$\newcommand{\erf}{\operatorname{erf}}$ This may be a very naïve question, but here goes.

The error function $\erf$ is defined by $$\erf(x) = \frac{2}{\sqrt{\pi}} \int_0^x e^{-t^2}dt.$$ Of course, it is closely related to the normal cdf $$\Phi(x) = P(N < x) = \frac{1}{\sqrt{2\pi}} \int_{-\infty}^x e^{-t^2/2}dt$$ (where $N \sim N(0,1)$ is a standard normal) by the expression $\erf(x) = 2\Phi(x \sqrt{2})-1$.

My question is:

Why is it natural or useful to define $\erf$ normalized in this way?
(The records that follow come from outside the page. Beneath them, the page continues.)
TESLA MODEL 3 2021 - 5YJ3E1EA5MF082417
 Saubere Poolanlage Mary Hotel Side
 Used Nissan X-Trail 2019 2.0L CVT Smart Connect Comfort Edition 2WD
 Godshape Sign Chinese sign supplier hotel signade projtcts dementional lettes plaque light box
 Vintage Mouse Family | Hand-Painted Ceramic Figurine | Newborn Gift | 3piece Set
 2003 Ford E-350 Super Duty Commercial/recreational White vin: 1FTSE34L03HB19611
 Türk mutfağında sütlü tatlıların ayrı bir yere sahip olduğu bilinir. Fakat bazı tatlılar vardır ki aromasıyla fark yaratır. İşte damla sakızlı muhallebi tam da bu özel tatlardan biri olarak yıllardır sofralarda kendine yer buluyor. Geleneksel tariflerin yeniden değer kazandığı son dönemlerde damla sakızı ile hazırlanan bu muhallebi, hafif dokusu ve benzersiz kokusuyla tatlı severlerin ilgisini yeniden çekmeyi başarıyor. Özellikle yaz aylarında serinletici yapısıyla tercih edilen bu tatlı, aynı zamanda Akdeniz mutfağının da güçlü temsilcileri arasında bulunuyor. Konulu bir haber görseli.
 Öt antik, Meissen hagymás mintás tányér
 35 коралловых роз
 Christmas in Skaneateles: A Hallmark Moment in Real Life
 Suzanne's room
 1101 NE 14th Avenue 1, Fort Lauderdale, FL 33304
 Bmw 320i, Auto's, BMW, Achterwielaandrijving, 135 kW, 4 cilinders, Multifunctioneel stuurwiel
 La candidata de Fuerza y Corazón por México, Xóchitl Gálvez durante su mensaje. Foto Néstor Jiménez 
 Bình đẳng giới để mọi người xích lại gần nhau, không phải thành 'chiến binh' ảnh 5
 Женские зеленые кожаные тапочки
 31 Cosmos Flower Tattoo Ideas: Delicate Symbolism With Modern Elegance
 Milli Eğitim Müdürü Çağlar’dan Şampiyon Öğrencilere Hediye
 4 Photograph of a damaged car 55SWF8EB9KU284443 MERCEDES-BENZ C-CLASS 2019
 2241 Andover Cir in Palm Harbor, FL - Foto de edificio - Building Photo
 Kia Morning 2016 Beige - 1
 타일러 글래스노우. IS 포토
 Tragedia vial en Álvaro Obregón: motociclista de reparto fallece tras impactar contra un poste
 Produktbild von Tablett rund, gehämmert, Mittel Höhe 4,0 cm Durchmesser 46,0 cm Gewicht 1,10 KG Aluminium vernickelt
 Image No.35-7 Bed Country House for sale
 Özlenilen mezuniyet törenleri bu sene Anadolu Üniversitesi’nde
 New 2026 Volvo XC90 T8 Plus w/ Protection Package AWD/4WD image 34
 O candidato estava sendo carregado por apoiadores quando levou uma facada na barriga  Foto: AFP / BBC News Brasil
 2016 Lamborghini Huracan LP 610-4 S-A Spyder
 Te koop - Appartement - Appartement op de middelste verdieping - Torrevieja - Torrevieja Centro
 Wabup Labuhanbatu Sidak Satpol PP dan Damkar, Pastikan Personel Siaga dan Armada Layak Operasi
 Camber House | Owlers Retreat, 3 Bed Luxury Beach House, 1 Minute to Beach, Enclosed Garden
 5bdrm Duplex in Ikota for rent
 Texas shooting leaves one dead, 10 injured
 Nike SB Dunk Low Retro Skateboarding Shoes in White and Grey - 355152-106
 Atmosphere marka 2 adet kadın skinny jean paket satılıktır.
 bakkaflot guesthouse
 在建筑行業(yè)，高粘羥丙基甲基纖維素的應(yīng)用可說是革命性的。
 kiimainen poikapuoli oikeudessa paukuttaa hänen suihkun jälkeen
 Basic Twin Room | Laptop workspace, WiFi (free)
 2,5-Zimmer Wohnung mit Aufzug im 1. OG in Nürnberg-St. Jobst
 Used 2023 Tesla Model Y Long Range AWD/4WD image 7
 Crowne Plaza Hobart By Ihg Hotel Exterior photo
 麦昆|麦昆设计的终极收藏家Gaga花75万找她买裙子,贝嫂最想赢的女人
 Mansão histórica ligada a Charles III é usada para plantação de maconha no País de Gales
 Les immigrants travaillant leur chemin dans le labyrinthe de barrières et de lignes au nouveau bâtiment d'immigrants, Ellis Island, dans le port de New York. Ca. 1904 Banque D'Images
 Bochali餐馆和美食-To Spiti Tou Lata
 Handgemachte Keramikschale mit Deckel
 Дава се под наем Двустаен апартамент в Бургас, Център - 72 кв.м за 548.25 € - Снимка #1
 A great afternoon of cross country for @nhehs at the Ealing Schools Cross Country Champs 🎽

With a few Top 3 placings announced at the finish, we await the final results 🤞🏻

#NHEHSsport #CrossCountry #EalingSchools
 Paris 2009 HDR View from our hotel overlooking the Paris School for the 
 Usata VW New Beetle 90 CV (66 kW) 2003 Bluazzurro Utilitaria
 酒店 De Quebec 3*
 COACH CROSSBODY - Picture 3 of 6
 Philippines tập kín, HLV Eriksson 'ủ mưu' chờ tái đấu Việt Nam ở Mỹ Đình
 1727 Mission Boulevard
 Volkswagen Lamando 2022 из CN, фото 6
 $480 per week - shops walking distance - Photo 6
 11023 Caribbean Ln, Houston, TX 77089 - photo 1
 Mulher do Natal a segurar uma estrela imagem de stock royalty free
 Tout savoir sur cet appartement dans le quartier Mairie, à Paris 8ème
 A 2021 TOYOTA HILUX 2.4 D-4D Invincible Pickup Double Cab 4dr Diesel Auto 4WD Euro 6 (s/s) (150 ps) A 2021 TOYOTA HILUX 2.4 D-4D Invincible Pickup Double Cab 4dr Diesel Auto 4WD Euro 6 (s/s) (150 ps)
I may be biased: as a probabilist, I think much more naturally in terms of $\Phi$. However, anytime I want to compute something, I find that my calculator or math library only provides $\erf$, and I have to go check a textbook or Wikipedia to remember where all the $1$s and $2$s go. Being charitable, I have to assume that $\erf$ was invented for some reason other than to cause me annoyance, so I would like to know what it is. If nothing else, it might help me remember the definition.

Wikipedia says:

The standard normal cdf is used more often in probability and statistics, and the error function is used more often in other branches of mathematics.

So perhaps a practitioner of one of these mysterious "other branches of mathematics" would care to enlighten me.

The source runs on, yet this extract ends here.